L’examen couvre tous les dispositifs offensifs et défensifs conçus pour tuer, endommager ou neutraliser des personnes ou des biens. Cela inclut :

  • Les armes légères et lourdes ;

  • les armes de petit calibre ;

  • Les systèmes d'armes et doctrines d'utilisation associées.

Une arme, un moyen ou une méthode est considéré comme "nouveau" s'il n'est pas déjà utilisé par les forces armées de l'État qui l'examine.

Étapes de l'examen

  1. Vérification préliminaire
    Réalisée par l’État-Major des Armées (EMA) et la Direction Générale de l’Armement (DGA), cette étape détermine si la technologie entre dans le champ de l’examen.

  2. Examen approfondi
    Réalisé par un comité composé de l’EMA, de la DGA et de la Direction des Affaires Juridiques. Trois issues sont possibles :

    • Approbation ;

    • Approbation conditionnelle avec modifications techniques ;

    • Rejet pour cause d'illégalité inhérente.

Les défis pour les entreprises face à l’examen de licéité

Les entreprises de technologies militaires rencontrent plusieurs défis dans l’intégration de l’examen de licéité :

  1. Procédures variées
    Chaque État possède des exigences propres. Les entreprises ciblant plusieurs marchés doivent se conformer à des standards différents.

  2. Interprétations divergentes
    Les principes comme l’interdiction des souffrances inutiles peuvent être interprétés différemment selon les États. Par exemple :

    • Certains textes interdisent les armes susceptibles de causer des souffrances inutiles, tandis que d'autres interdisent les armes conçues pouren causer.

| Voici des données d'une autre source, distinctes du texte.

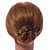 Tortoise Shell Effect Curved Acrylic Hair Beak Clip/ Concord Clip (Brown/ Yellow) - 10cm Across - view 2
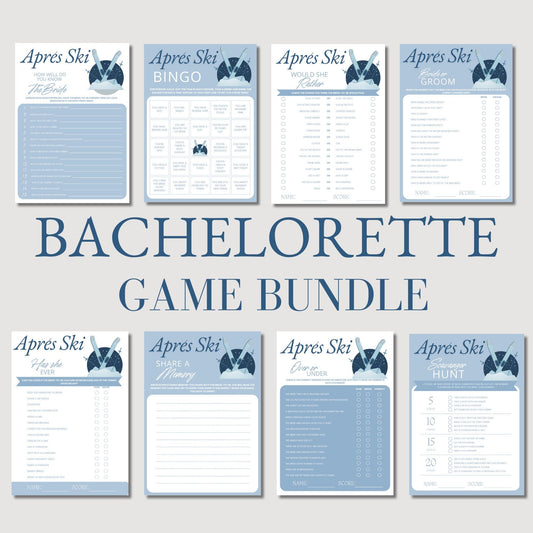 Winter Bachelorette Party Games Bundle Bachelorette Games Package Editable Printable Games Bachelorette Drinking Games Apres Ski Hen Party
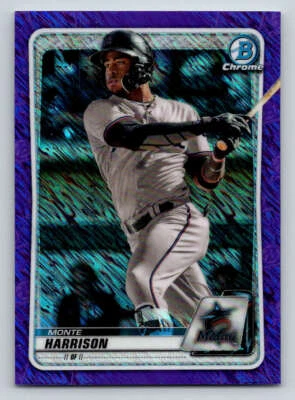2020 Bowman Chrome Purple Shimmer Refractors #BCP156 Monte Harrison (ref 194208) - Image 1 of 2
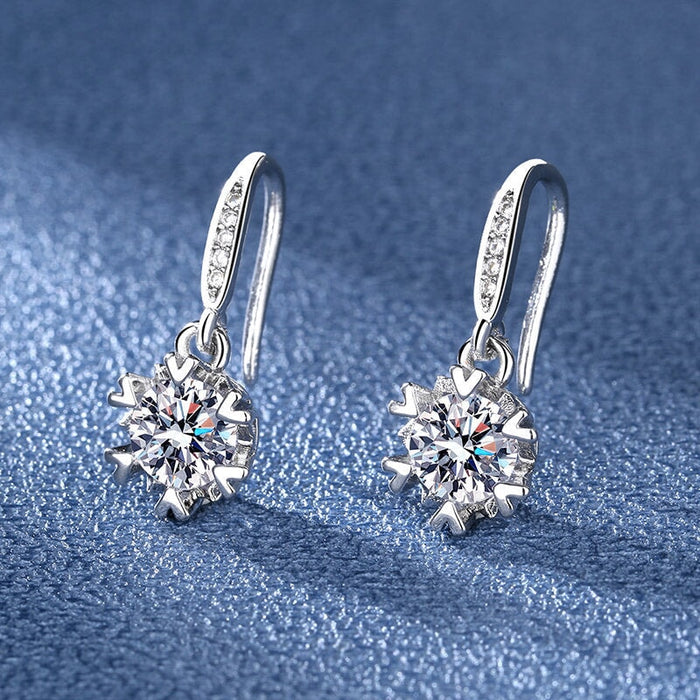 Wholesale Sterling Silver Jewelry S925 Silver Copper Zircon Snowflake Earrings JDC-ES-BLX065 Earrings 宝来兴 Wholesale Jewelry JoyasDeChina Joyas De China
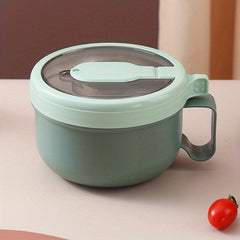 Insulated Stainless Steel Noodle Bowl with Lid - Portable and Convenient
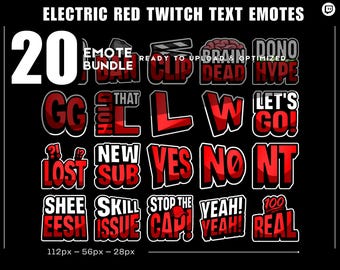 Op de afbeelding: Een zwarte afbeelding met 20 rode en witte Twitch-tekst-emotes. De emotes bevatten woorden als "GG", "YES", "NO" en "REAL". De tekst "ELECTRIC RED TWITCH TEXT EMOTES" staat bovenaan. De afbeelding is geoptimaliseerd voor 112px, 56px en 28px.
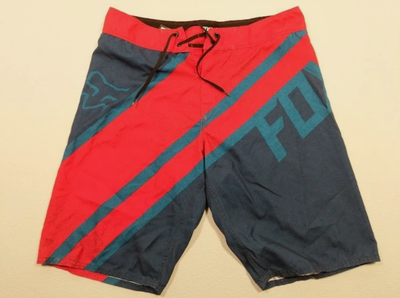 Fox Racing Sequenced Boardshort Red Blue Navy Size 32 16903-122-32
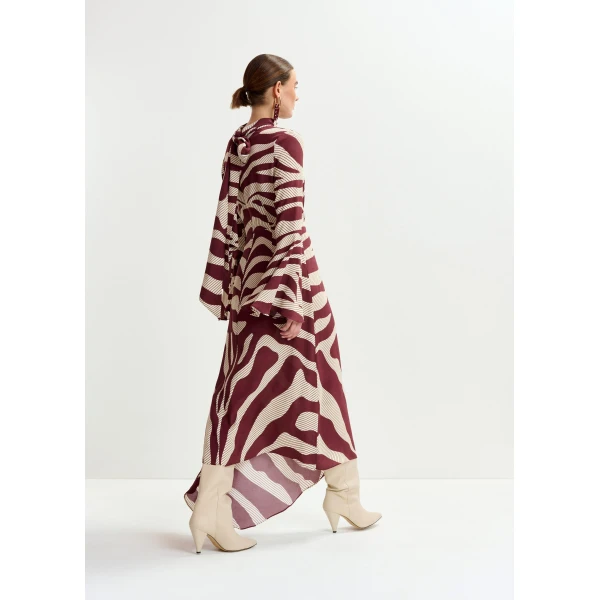 Essentiel Antwerp Off-white and burgundy asymmetric zebraprint maxi dress with pussy bow tie - Essentiel Antwerp Dresses - Colorful Belgian Design - Shop at Luxury Shoes 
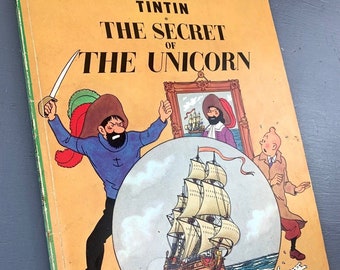 Secret of the Unicorn Methuen 1974 1st UK Paperback Edition Rare Tintin Book Herge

    • Les États-Unis ne reconnaissent pas certaines dispositions du droit international humanitaire, telles que l'article 35 (3), du protocole additionnel I. 

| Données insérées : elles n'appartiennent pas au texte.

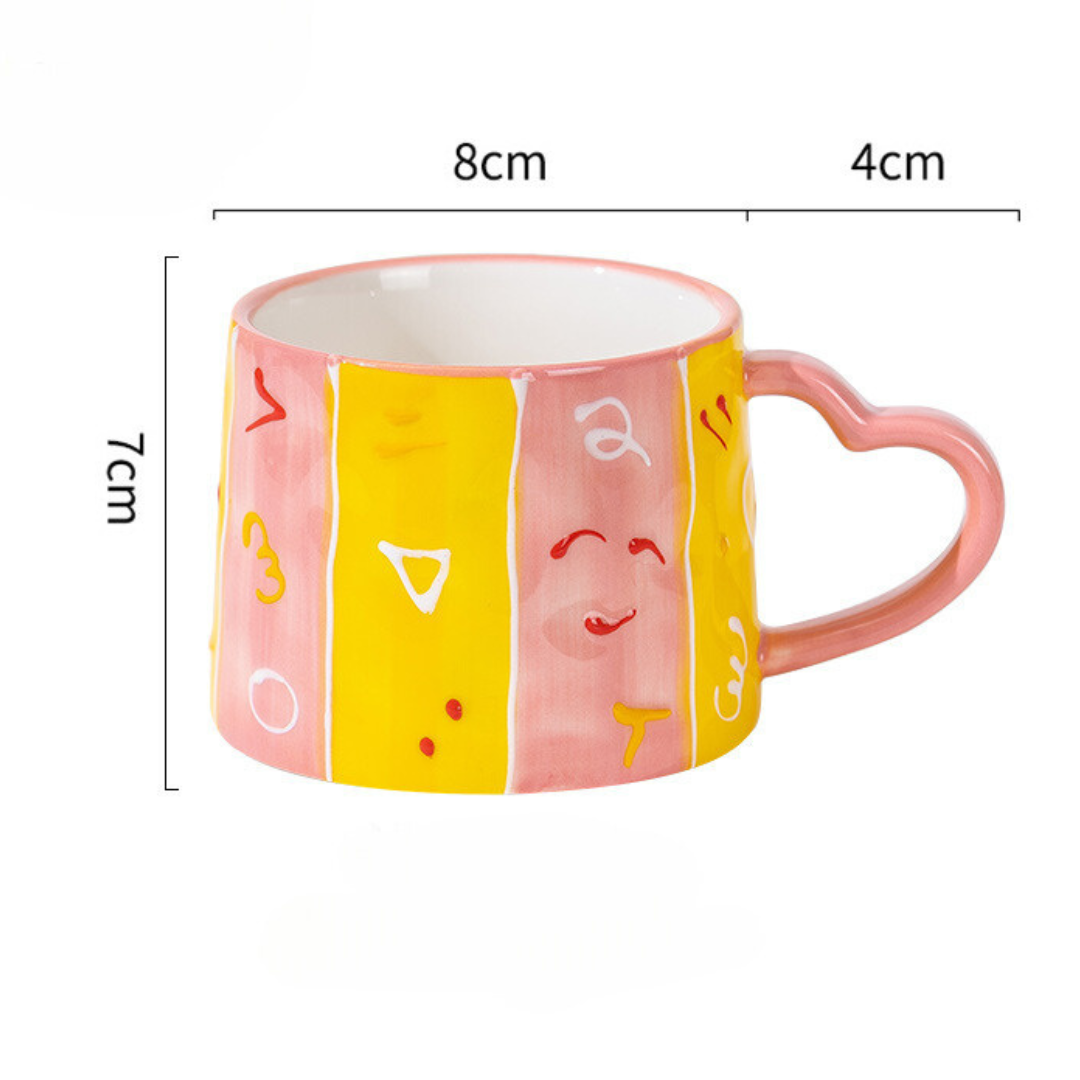 Pink Pattern Short Coffee Mug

  3. Allocation des ressources
    Intégrer les exigences juridiques dès la R&D permet d’allouer efficacement les ressources et de réduire les risques de non-conformité.

13. Recommandations pour les entreprises de défense développant des technologies militaires

Pour surmonter ces défis et assurer leur conformité, les entreprises doivent suivre ces recommandations :

1. Intégrer l’examen de licéité dès la R&D

Évaluer la légalité des technologies dès la conception permet d’éviter des modifications coûteuses à des étapes avancées.

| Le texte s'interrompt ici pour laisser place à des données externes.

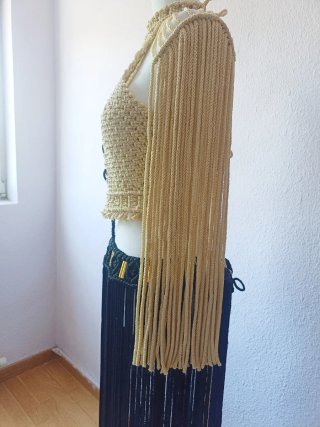 Vestido Macramé amarillo y Negro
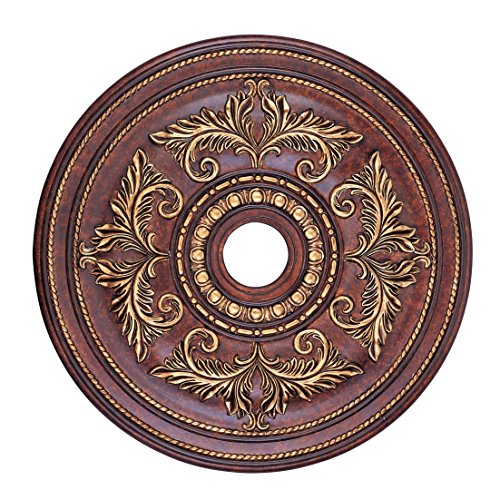 Livex Lighting 8210-63 Ceiling Medallion in Verona Bronze with Aged Gold Leaf Accents
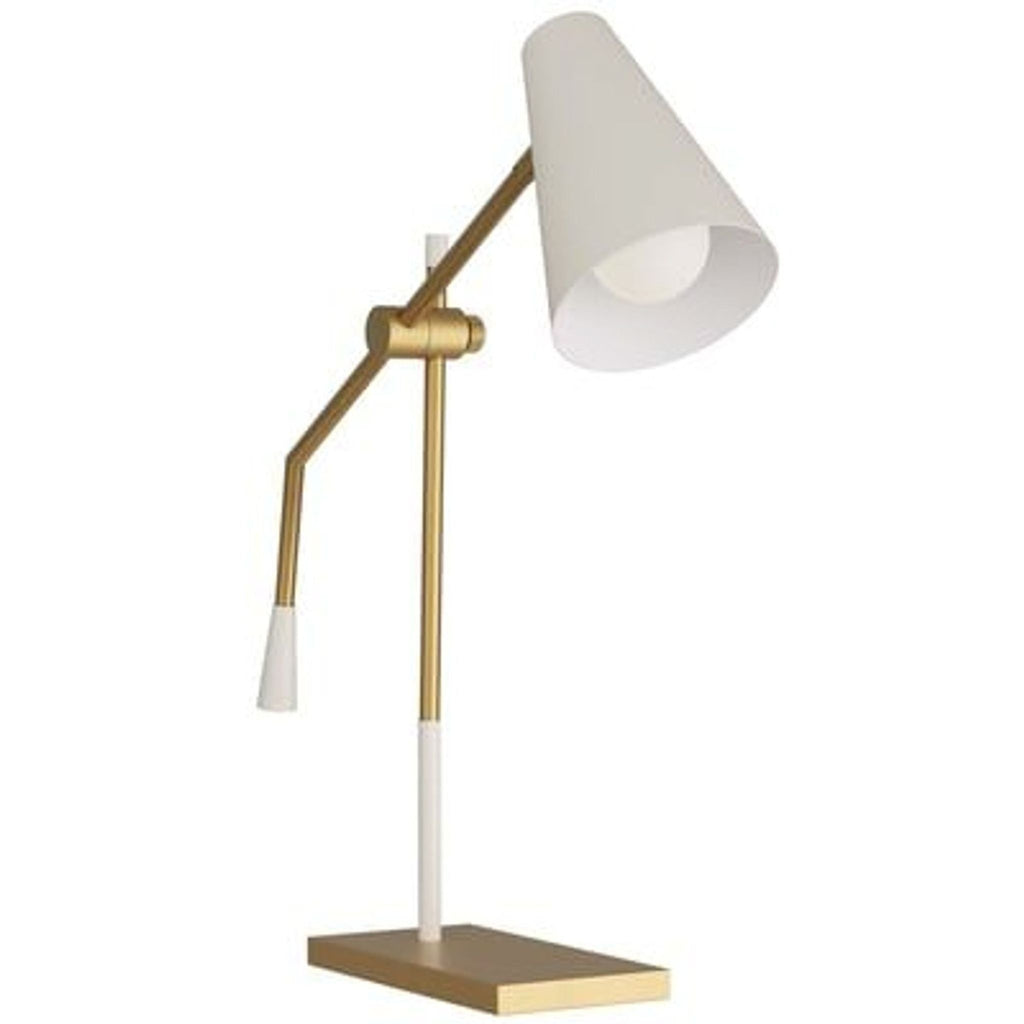 1. Modern Arteriors Home table lamp in brass with white accents, cone shade, and adjustable arm for focused lighting.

2. Réaliser des pré-évaluations internes

Mettre en place un processus interne pour vérifier la conformité avant l’examen officiel peut faire gagner du temps.

3. Collaborer avec des experts juridiques

Travailler avec des consultants spécialisés en DIH peut aider à naviguer dans les complexités des réglementations.

4. Suivre les développements du droit international

Rester informé des modifications des traités et des nouvelles interprétations des principes clés est crucial.

5. Élaborer des stratégies multijuridictionnelles

Si l’entreprise cible plusieurs marchés, elle doit comprendre les différences dans les processus d’examen des armes entre les juridictions.

6. Documenter toutes les étapes

Conserver des dossiers détaillés sur la conformité peut protéger l’entreprise en cas de litige.

7. Former les équipes de R&D

Sensibiliser les équipes techniques au DIH et aux exigences de l’examen de licéité permet de concevoir des technologies conformes dès le départ.

Conclusion : pourquoi les entreprises de défense doivent prioriser l’examen de licéité des armes

Intégrer l’examen de licéité des armes dès la phase de R&D est essentiel pour les entreprises de défense. En respectant les normes du DIH et les processus propres à chaque État, elles réduisent leurs risques juridiques, renforcent leur crédibilité et améliorent leur préparation au marché. À mesure que les technologies militaires évoluent, cet examen devient indispensable pour garantir un développement éthique et conforme à la loi.